THE PROBLEM
Since only the written part is wanted, repeat the records exactly and omit the pictures.

SUPPLIED RECORDS

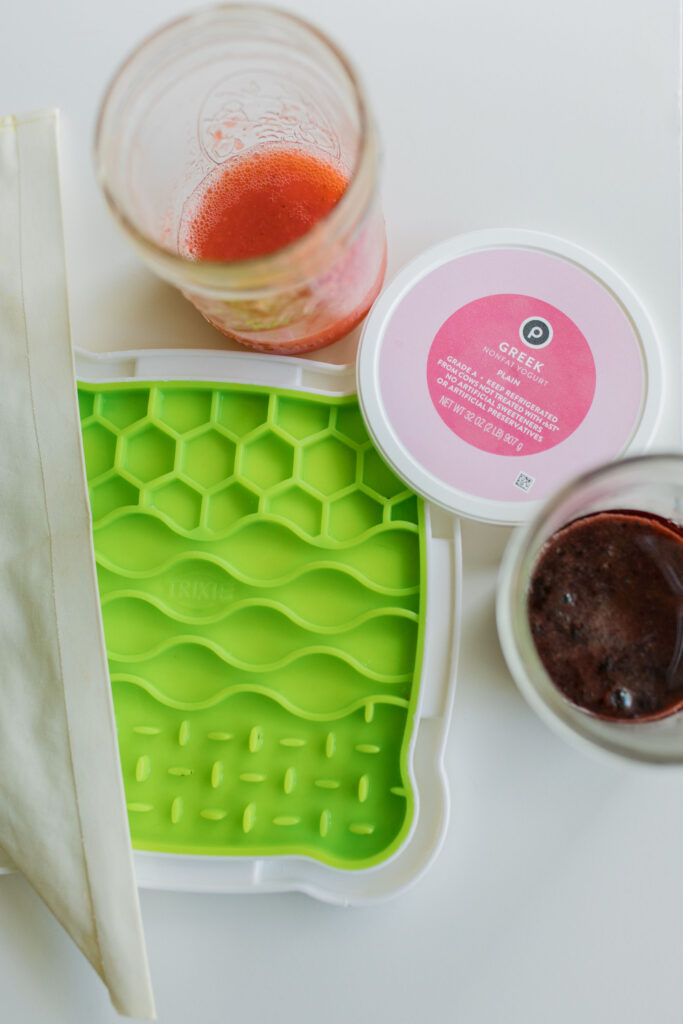 3 ingredient frozen strawberry blueberry yogurt dog lick mat idea sparkles and sunshine blog
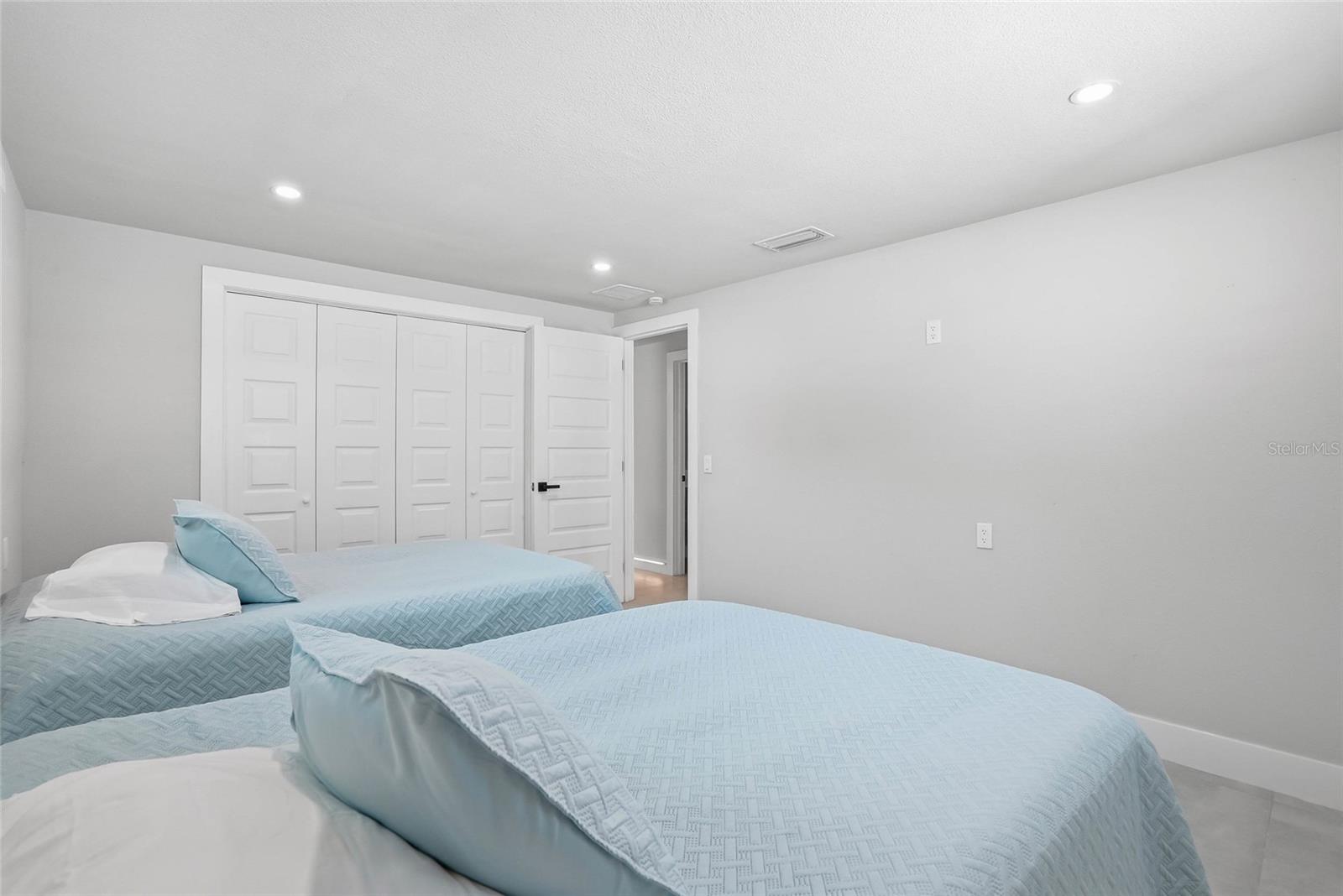 5153 BAY BLVD, PORT RICHEY, FL, 34668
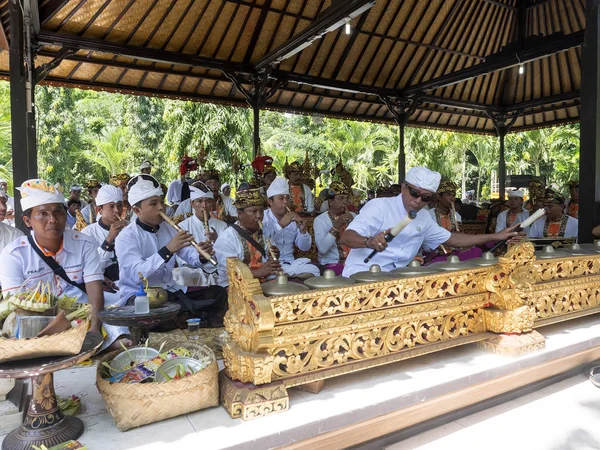 小児科 ペニダ島 インドネシアのヒンドゥー教の儀式 — ストック写真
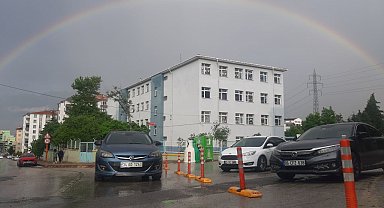 Edirne'de gökkuşağı hayran bıraktı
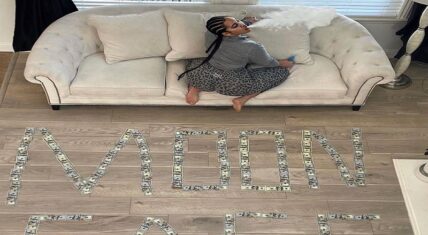 Natalie Nunn does money challenge and spells Moon Face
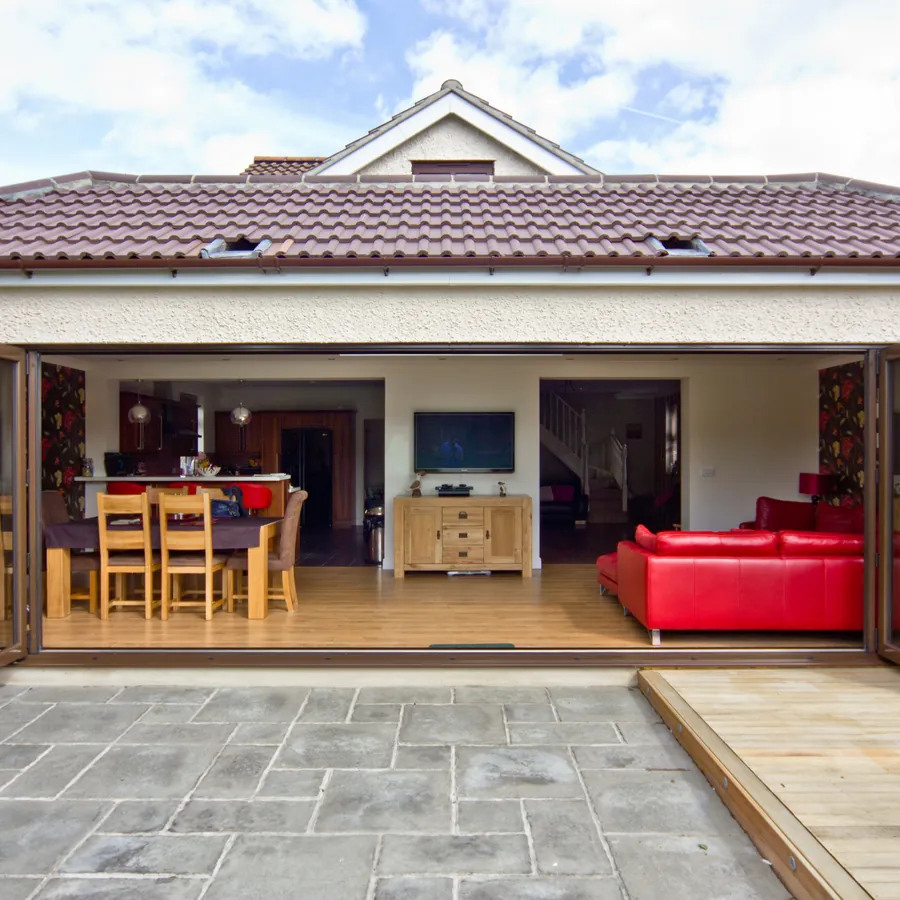 Bifold Leyton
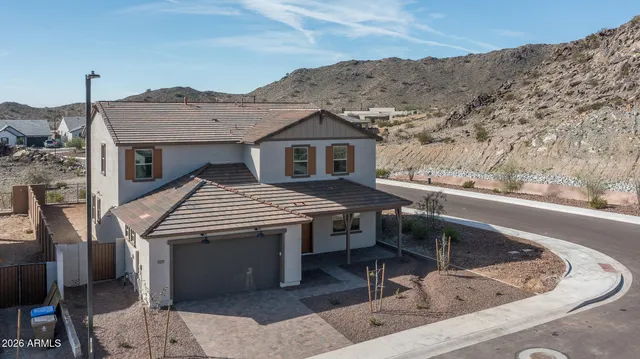 $787,717 | 2712 North 216th Drive, Buckeye, AZ 85396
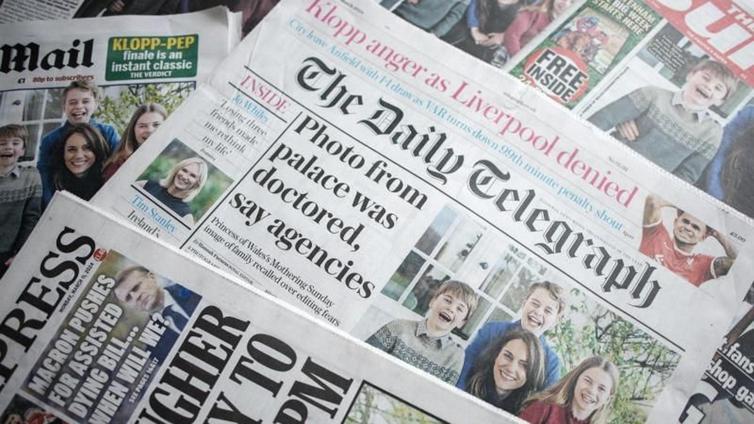 Los periódicos británicos publican noticias sobre la imagen de la Princesa de Gales.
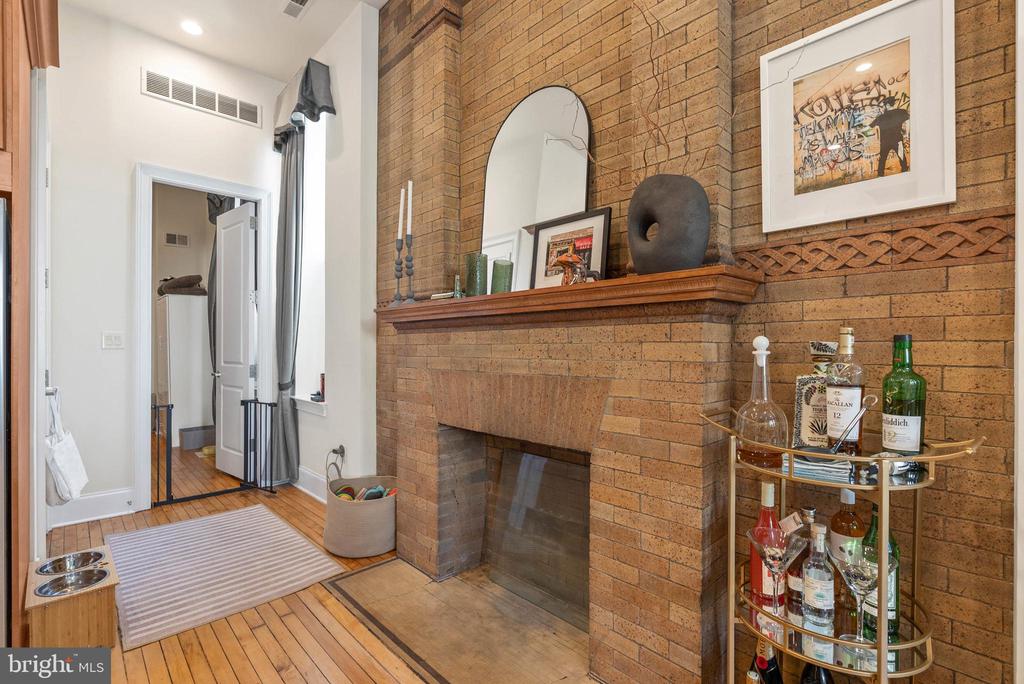 511 S 21ST STREET 102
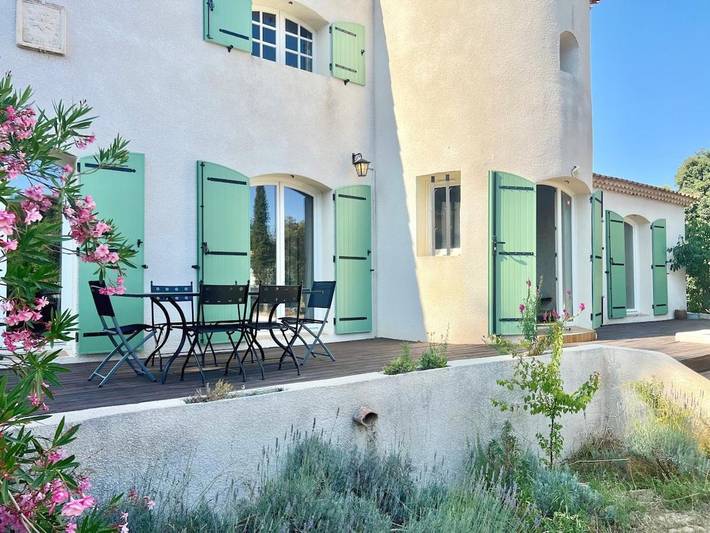 Gîte pour 8 personnes, avec jardin et vue à Cornillon-Confoux - 3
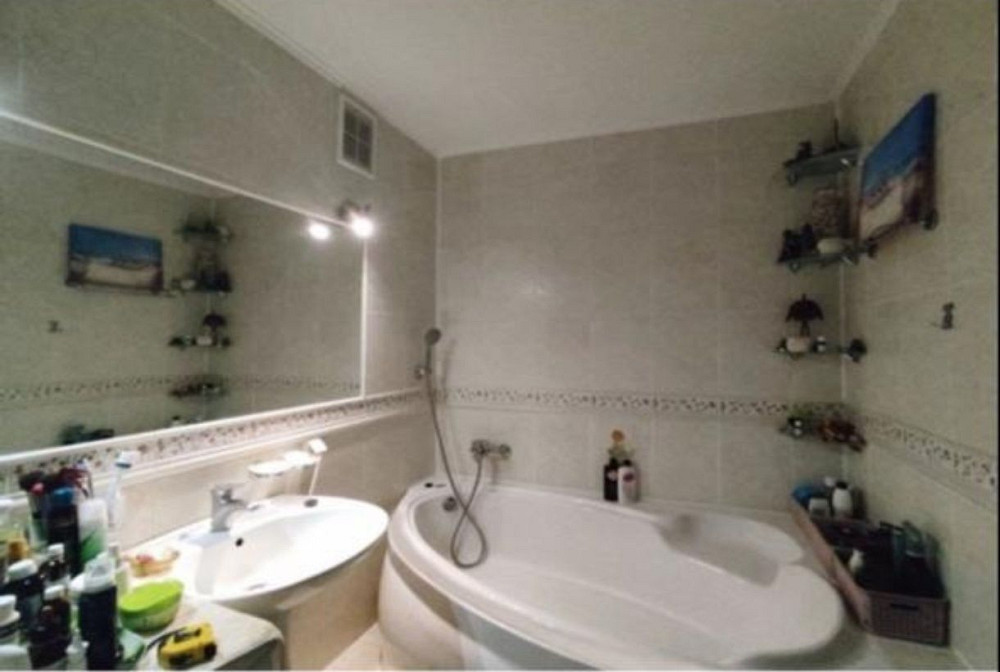 Терміново продам 3-х кімнатну квартиру р-н Центр Черкассы - изображение 2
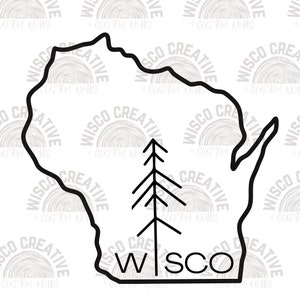 Puede incluir: Esquema en blanco y negro del estado de Wisconsin con un pino estilizado dentro de la frontera del estado. El texto "WISCO" está debajo del esquema del estado.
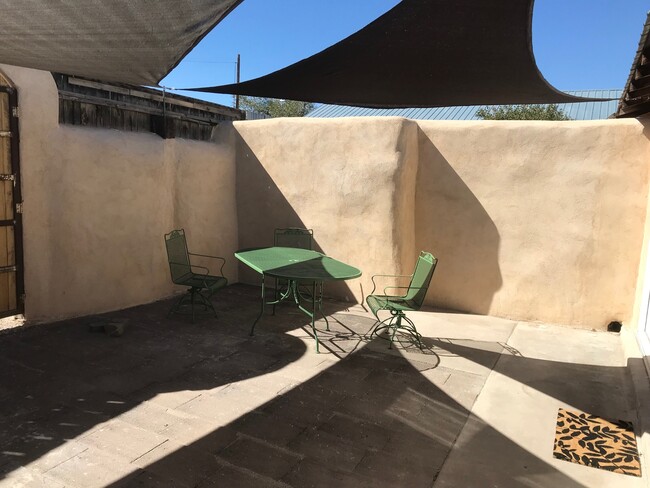 Large patio space - 2013 Coal Pl SE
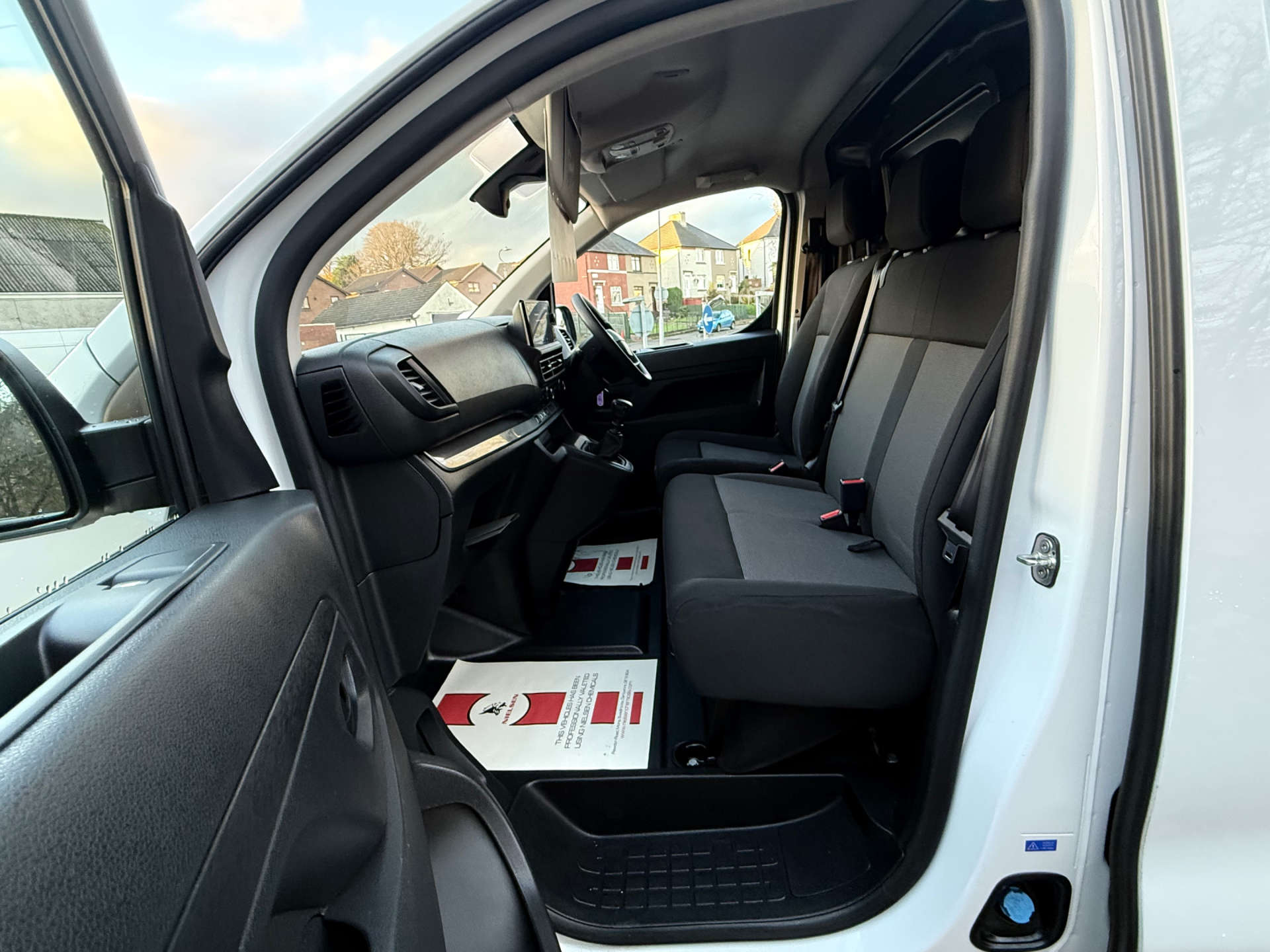VAUXHALL VIVARO F3100 2.0 Prime S/S 6dr #7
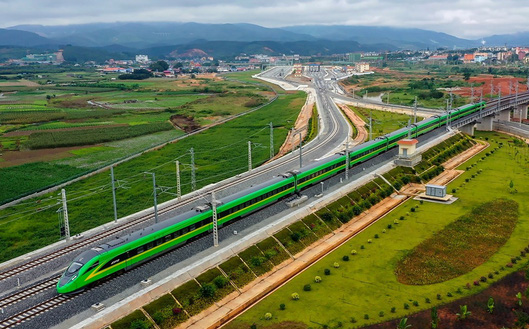 Tin đáng mừng về Omicron; Láng giềng Việt Nam &quot;tá hỏa&quot; vì nguy cơ từ đường sắt Trung Quốc xây ở Lào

WRITTEN RESPONSE
 3 ingredient frozen strawberry blueberry yogurt dog lick mat idea sparkles and sunshine blog
 5153 BAY BLVD, PORT RICHEY, FL, 34668
 小児科 ペニダ島 インドネシアのヒンドゥー教の儀式 — ストック写真
 Edirne'de gökkuşağı hayran bıraktı
 Natalie Nunn does money challenge and spells Moon Face
 Bifold Leyton
 $787,717 | 2712 North 216th Drive, Buckeye, AZ 85396
 Los periódicos británicos publican noticias sobre la imagen de la Princesa de Gales.
 511 S 21ST STREET 102
 Gîte pour 8 personnes, avec jardin et vue à Cornillon-Confoux - 3
 Терміново продам 3-х кімнатну квартиру р-н Центр Черкассы - изображение 2
 Puede incluir: Esquema en blanco y negro del estado de Wisconsin con un pino estilizado dentro de la frontera del estado. El texto "WISCO" está debajo del esquema del estado.
 Large patio space - 2013 Coal Pl SE
VAUXHALL VIVARO F3100 2.0 Prime S/S 6dr #7
 Tin đáng mừng về Omicron; Láng giềng Việt Nam &quot;tá hỏa&quot; vì nguy cơ từ đường sắt Trung Quốc xây ở Lào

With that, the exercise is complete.